En el contexto universitario mexicano, los rectores no sólo suelen aparecer como víctimas de sus instituciones, sino también como representantes y beneficiarios de sus prácticas, de sus códigos y limitaciones. Es prácticamente impensable, aunque ocurre, que los rectores universitarios sean figuras que no pertenezcan a las propias comunidades universitarias. A diferencia de lo que ocurre en las universidades norteamericanas, donde los rectores son básicamente gerentes que pueden transitar de una universidad a otra, y que compiten por el puesto mediante su inscripción en convocatorias públicas nacionales o internacionales, en México los rectores son figuras políticas que ocupan un lugar importante en la representación y dirección de las universidades. Por ello, el nombramiento de un rector siempre obedece a razones políticas más que académicas, razones que tienen que ver con las configuraciones específicas que caracterizan las relaciones del poder en cada universidad, tanto internas como externas, que con las sagas o tradiciones de docencia e investigación que se desarrollan en las universidades.

Pero los rectores nunca llegan solos. Suelen ser impulsados y acompañados por consejeros, hombre y mujeres de sus confianzas para administrar y conducir a la institución. Conforman el “gabinete” de su administración por 3, 5 o 6 años, y esos acompañantes son producto de trayectorias académicas, burocráticas o políticas diversas, que proporcionan al rector una red de alianzas y coaliciones más o menos estratégicas o pragmáticas, para tratar de gobernar a la institución con umbrales aceptables de eficacia administrativa, estabilidad y legitimidad política. En otras palabras, un rector o rectora universitaria tiene que gobernar permanentemente en base a una coalición de fuerzas e intereses que permita traducir en clave de gobernabilidad la conducción cotidiana de la universidad. Es la cristalización de la rectoría de las universidades como factor institucional de equilibrios de poder en una organización donde coexisten actores académicos, burocráticos y políticos que establecen relaciones de tensión y conflicto, que a veces producen comportamientos cooperativos pero que también construyen autonomías, bloqueos y límites a la acción del gobierno universitario. Esa es la “otra” universidad, la que habita el corazón político de las prácticas cotidianas de la autoridad universitaria. Es la dimensión del poder institucional, dominada por la negociación y el conflicto, las tensiones que pueden llevar a los rectores a mortificaciones y humillaciones, justo como le sucedió al profesor Holyoke.

Pero no todo es política en la universidad pública.

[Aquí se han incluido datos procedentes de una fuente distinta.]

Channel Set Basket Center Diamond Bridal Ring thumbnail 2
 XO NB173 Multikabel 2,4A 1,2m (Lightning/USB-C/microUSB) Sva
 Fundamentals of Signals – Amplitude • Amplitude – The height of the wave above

Existen también áreas y zonas de la vida universitaria donde es posible advertir genuinos y serios esfuerzos por consolidar reglas de desempeño académico donde no domine el autoconsumo, la irrelevancia y simulación o complacencia entre profesores y estudiantes, funcionarios y trabajadores, donde la responsabilidad, el compromiso y la honestidad intelectual son los valores centrales del trabajo académico. Es lo que suele denominarse como la cultura académica de la universidad. Hay no pocas evidencias de esa fortaleza genuina de la universidad, la que hace posible el carácter crítico e inclusivo de la universidad pública, la que permite producir intervenciones positivas en el desarrollo del conocimiento, la conformación de redes académicas, la innovación tecnológica, o que fortalecen las tradicionales funciones de movilidad social de la formación universitaria. Bien visto, la conservación y expansión de ese núcleo duro académico de la universidad es lo único que puede permite el fortalecimiento de la institución, debilitando la hiper-centralidad que tiene la tradicional política clientelar y patrimonialista que suele dominar en la organización, o el abrumador peso de las políticas gerenciales, “modernizadoras”, que alimentan hoy el “gobierno de los incentivos” en la conducción de las universidades, o para enfrentar una mezcla fatal de ambas realidades institucionales. Un rector, el que sea, tiene siempre frente a sí, todos los lunes por la mañana en la soledad de su oficina, el ejercicio de varias de las rutinas, incertidumbres y dilemas por los que vivió y sufrió, hace ya más de dos siglos y medio en la Costa Este norteamericana, el sabio pero atormentado profesor Holyoke.